§ Task brief:
Only one span of the material below is wanted. Output it exactly, from the line with "Retro US city" through the line with "Galaxy Z Flip", without any pictures.

§ Records shown:

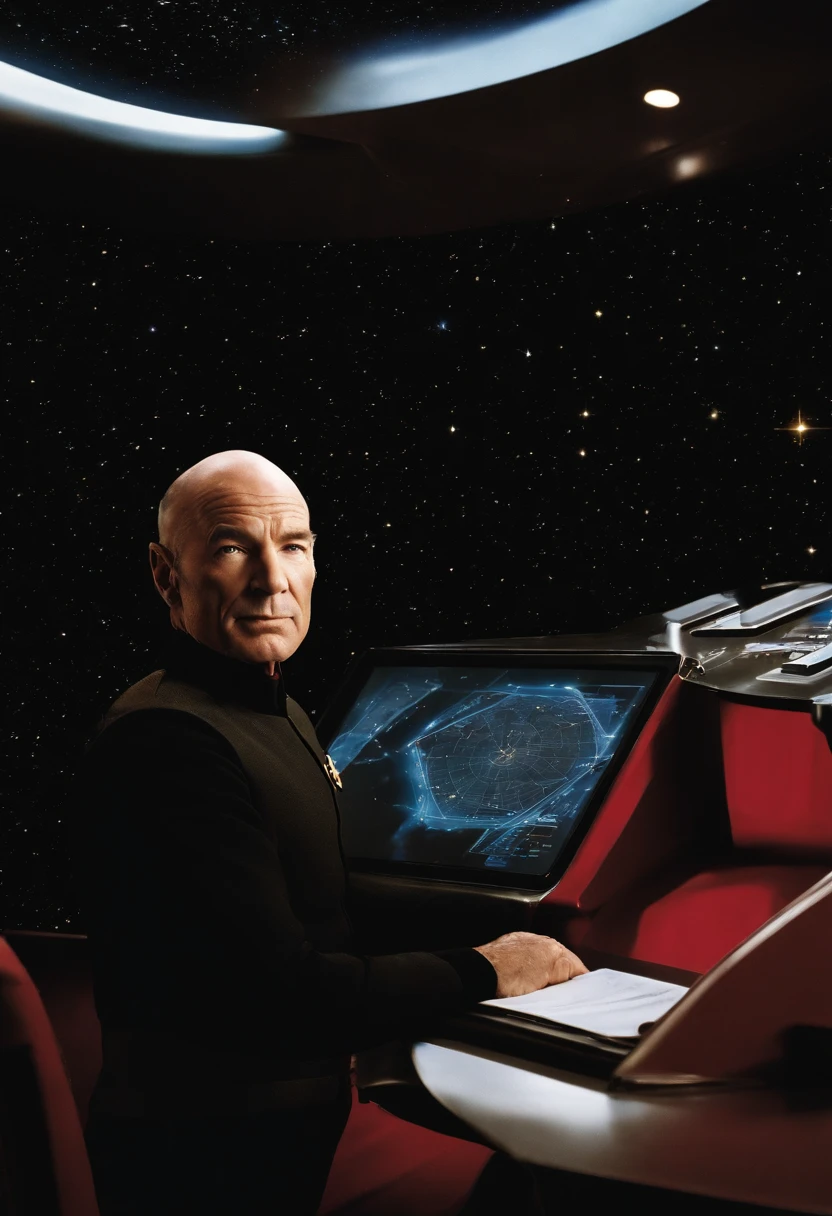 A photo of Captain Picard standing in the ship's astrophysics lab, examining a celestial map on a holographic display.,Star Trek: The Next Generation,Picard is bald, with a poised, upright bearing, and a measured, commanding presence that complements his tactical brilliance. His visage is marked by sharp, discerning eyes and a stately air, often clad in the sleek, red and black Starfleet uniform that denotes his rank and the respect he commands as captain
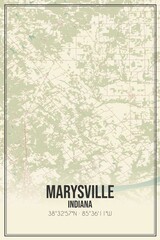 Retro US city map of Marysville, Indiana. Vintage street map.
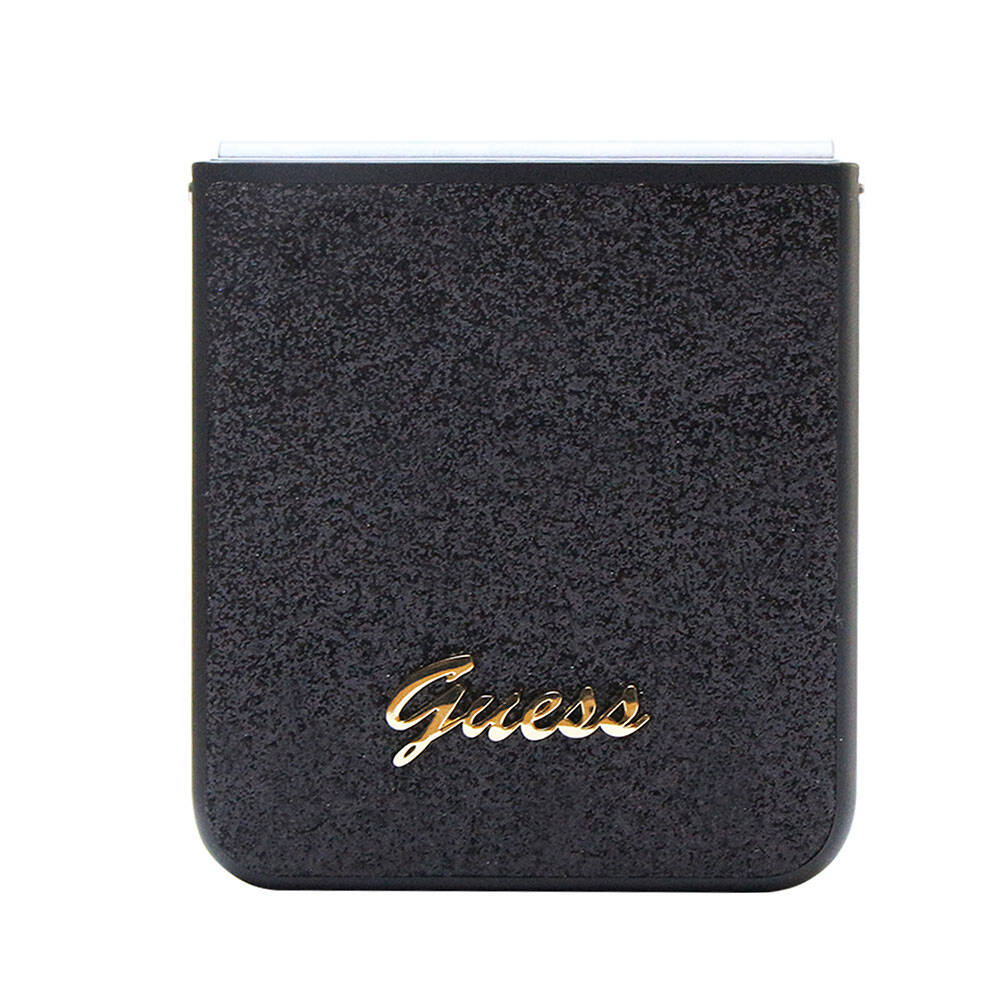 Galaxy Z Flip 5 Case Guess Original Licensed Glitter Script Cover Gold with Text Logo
--
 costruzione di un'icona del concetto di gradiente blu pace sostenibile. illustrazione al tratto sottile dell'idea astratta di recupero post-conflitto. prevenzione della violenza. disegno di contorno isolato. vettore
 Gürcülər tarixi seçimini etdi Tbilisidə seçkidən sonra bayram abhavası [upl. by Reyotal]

§ Solution:
 Retro US city map of Marysville, Indiana. Vintage street map.
 Galaxy Z Flip 5 Case Guess Original Licensed Glitter Script Cover Gold with Text Logo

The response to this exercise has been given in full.